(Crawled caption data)

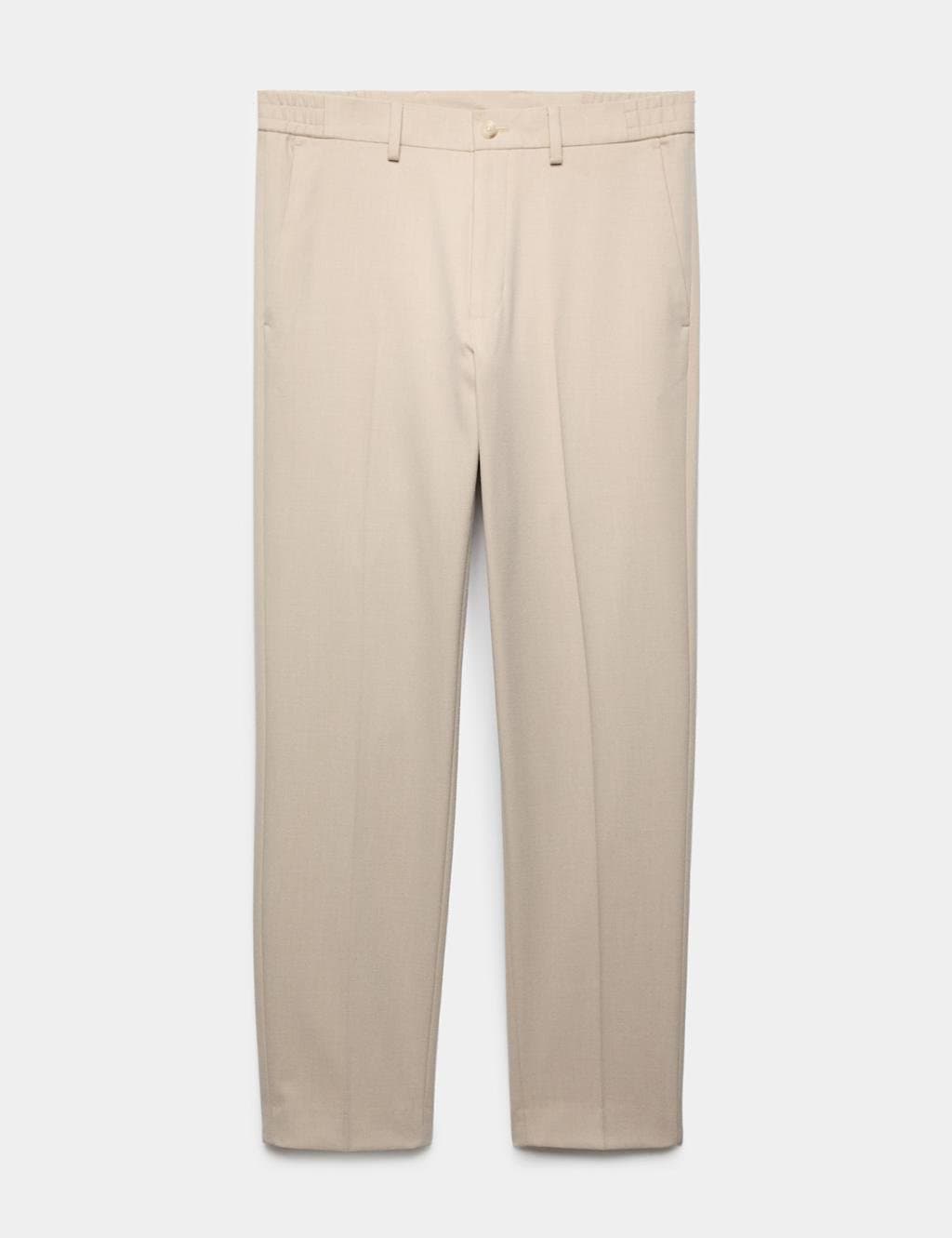 Marks & Spencer M&S Tailored Fit Flannel Smart Trousers Putty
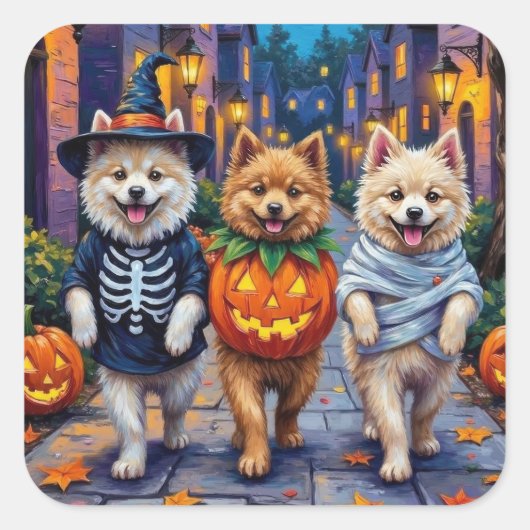 Samoyed Dogs Trick-or-Treating Halloween Costumes Quadratischer Aufkleber (Vorderseite)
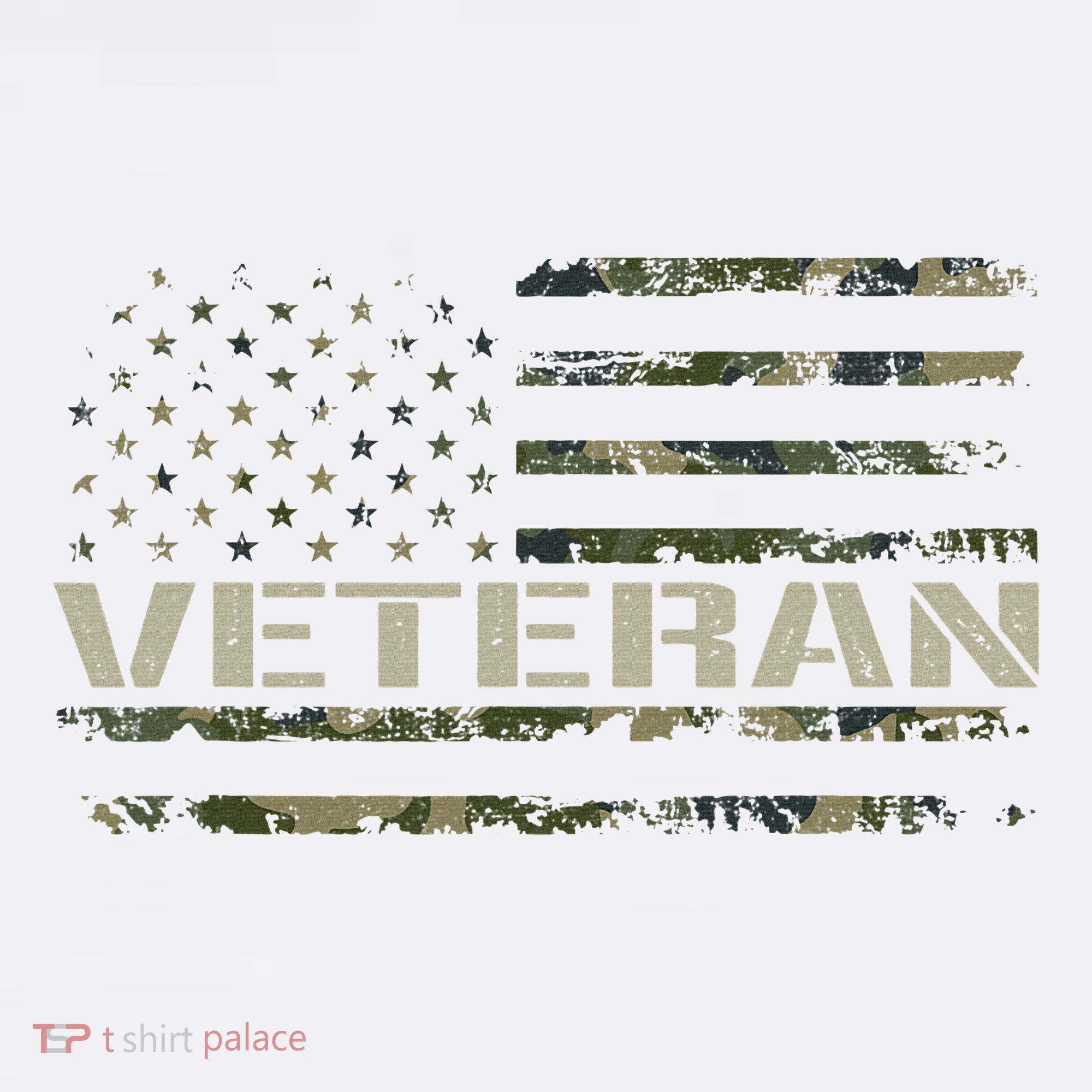 Soldier Military Camo Veteran American Flag T-Shirt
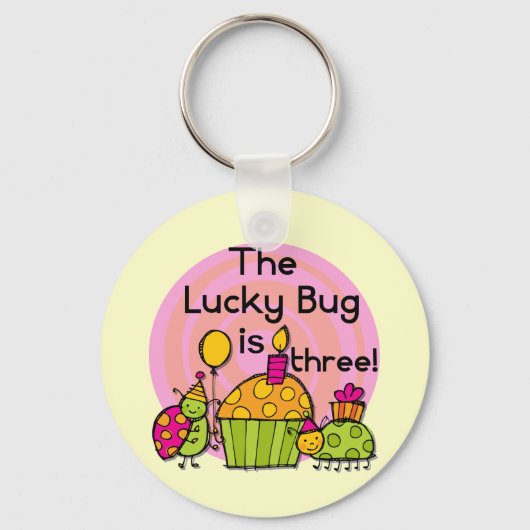 Lucky Bug Cupcake 3e Verjaardag Tshirts en geschen Sleutelhanger (Voorkant)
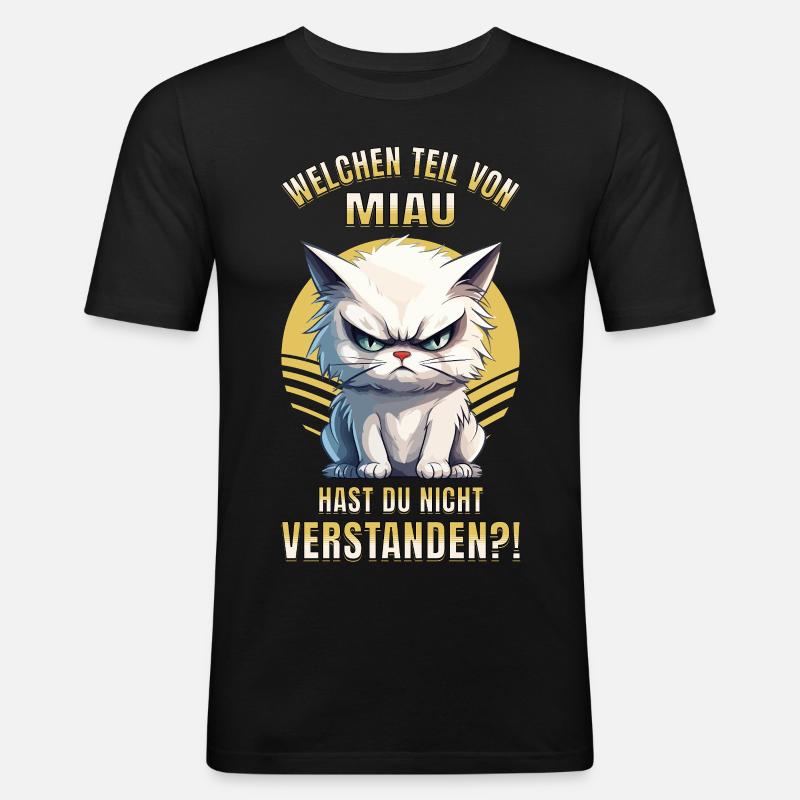 Chat, , , , Miaou, Drôle - T-shirt près du corps Homme - noir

Task instructions:
Exclude images and repeat all entries exactly.

Solution for this task:
 Marks & Spencer M&S Tailored Fit Flannel Smart Trousers Putty
 Samoyed Dogs Trick-or-Treating Halloween Costumes Quadratischer Aufkleber (Vorderseite)
 Soldier Military Camo Veteran American Flag T-Shirt
 Lucky Bug Cupcake 3e Verjaardag Tshirts en geschen Sleutelhanger (Voorkant)
 Chat, , , , Miaou, Drôle - T-shirt près du corps Homme - noir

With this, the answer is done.